Gov. Steve Beshear and community college officials on Monday discussed funding for a proposal to finance critical building projects throughout the state's community college system.
The governor and Michael McCall, Kentucky Community and Technical College System president, spoke in Frankfort about the plan, the KCTCS BuildSmart Investment for Kentucky Competitiveness. Beshear introduced the idea in his Jan. 21 state budget proposal. The investment would be the largest since the system's foundation and the first time community colleges could use agency bonds to fund construction.
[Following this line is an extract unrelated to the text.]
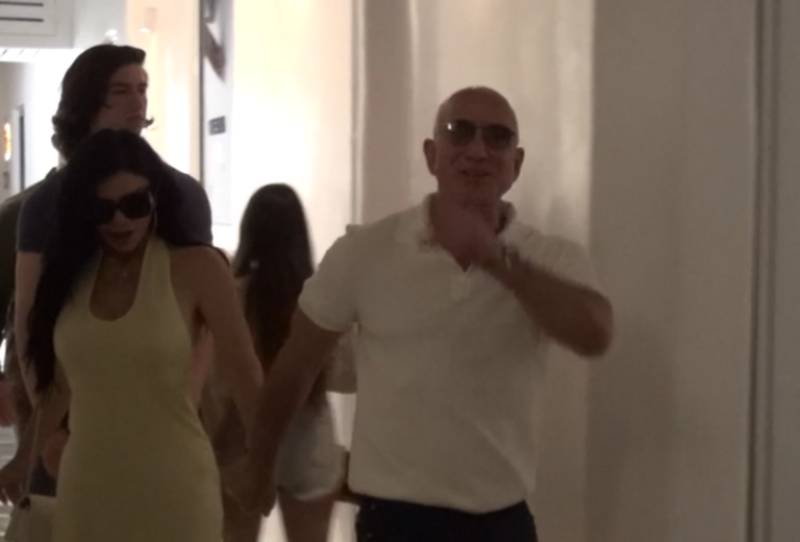 Στην Μύκονο ο δισεκατομμυριούχος ιδρυτής της Amazon Τζεφ Μπέζος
The last three biennial budgets have passed with no new capital improvements for the system, he said.
"Our community and technical college system is one of the most important tools in building a stronger, more agile and adaptable workforce," Beshear said.
He said the proposal includes the use of $145.5 million in agency bonds, 75 percent of the cost, to invest in campus improvements, one critical project at each of the 16 colleges. The other 25 percent would be raised from the local communities, through public or private sources, for a total of $194 million in construction. The bonds would not affect taxpayer revenue in the General Fund.
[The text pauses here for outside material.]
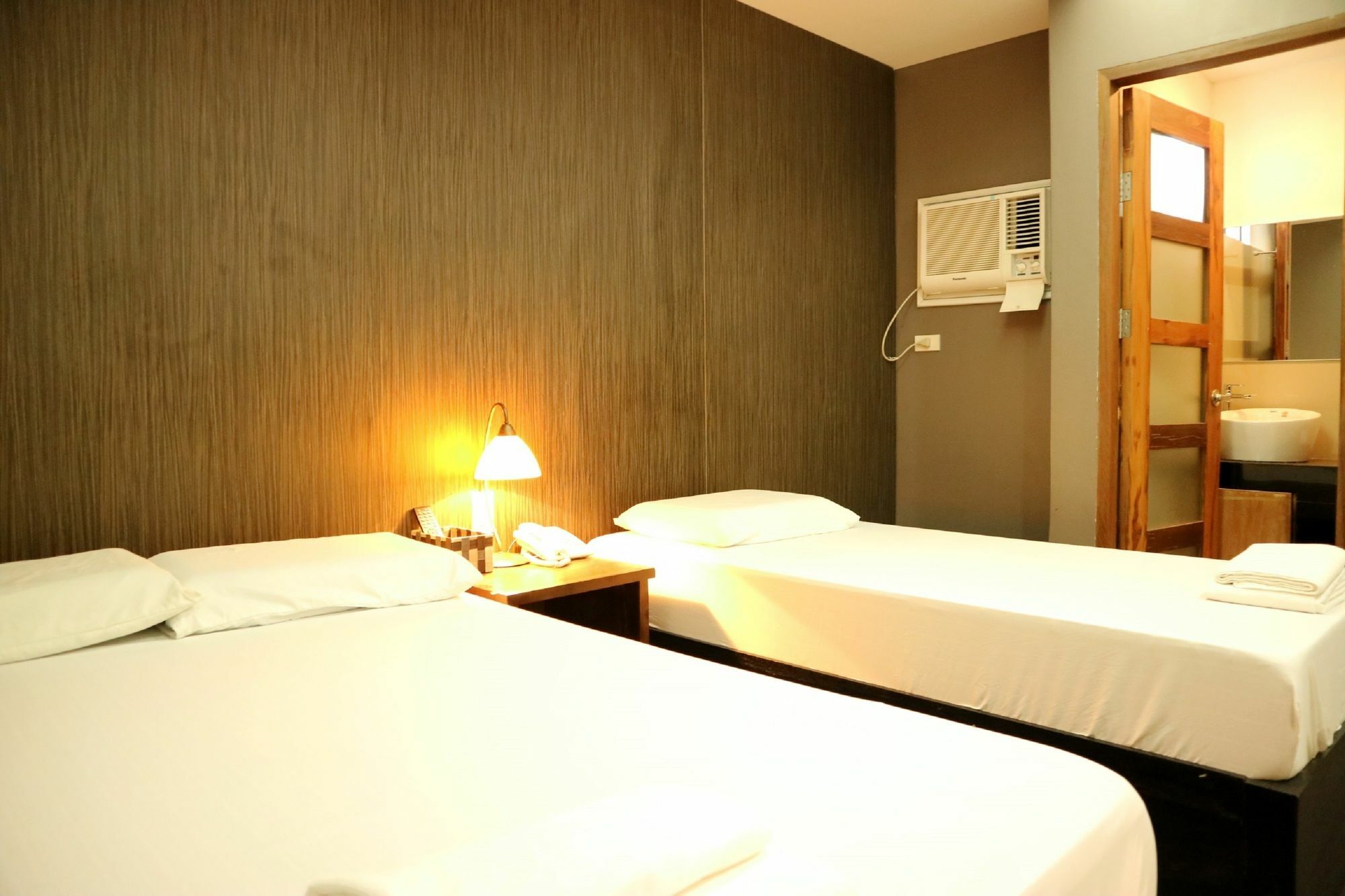 Westgate Hotel Laoag Extérieur photo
McCall said the 25 percent could be raised from a capital fee assessed to students throughout the system. The increase was set at $8 per credit hour beginning next fall, but system officials worked with the Council on Postsecondary Education on a system that would increase fees by $4 per credit hour this fall, then $4 the following fall. He said the added cost represents a compromise between the impact on students and completing necessary building projects.
"This investment is a perfect example of a public/private partnership and builds upon the strong connections our colleges have forged with their local business communities," he said.
West Kentucky Community & Technical College would receive $7.5 million toward renovation of the nearly 30,000 square-foot former Kitchens Inc. facility on Harrison Street that would complete the Paducah School of Art and Design Lower Town campus. President Barbara Veazey said the governor's proposal represents an important step in giving community colleges the same opportunities as four-year universities.
"It's a bold step for the community college system to have bonding authority," she said. "We are keeping fees and tuition as low as possible and balancing that with important building projects."
She said that the increase would be the first student fees in community college history and the phased-in approach, along with the large number of students on financial aid and scholarship funds, would allow the college to reduce the impact on students. Veazey added, unlike WKCTC, which has begun its fundraising campaign, many colleges won't start building projects on July 1.
Paducah School of Art and Design Dean Paul Aho said the proposed budget represents a pivotal step in development of the Lower Town campus, which will strengthen the connection between the college and the community.
"It's a historic moment for the community college system, it's big for the schools and big for Paducah," he said. "The funding positions the system for future growth and transformation."
Aho said the fees are not too onerous and hoped that students understand that the positives of a cohesive art campus outweigh the two-year cost.
"There is strength in numbers, and we need a buy-in by all parties to see the value of it for students locally and around the state," he said.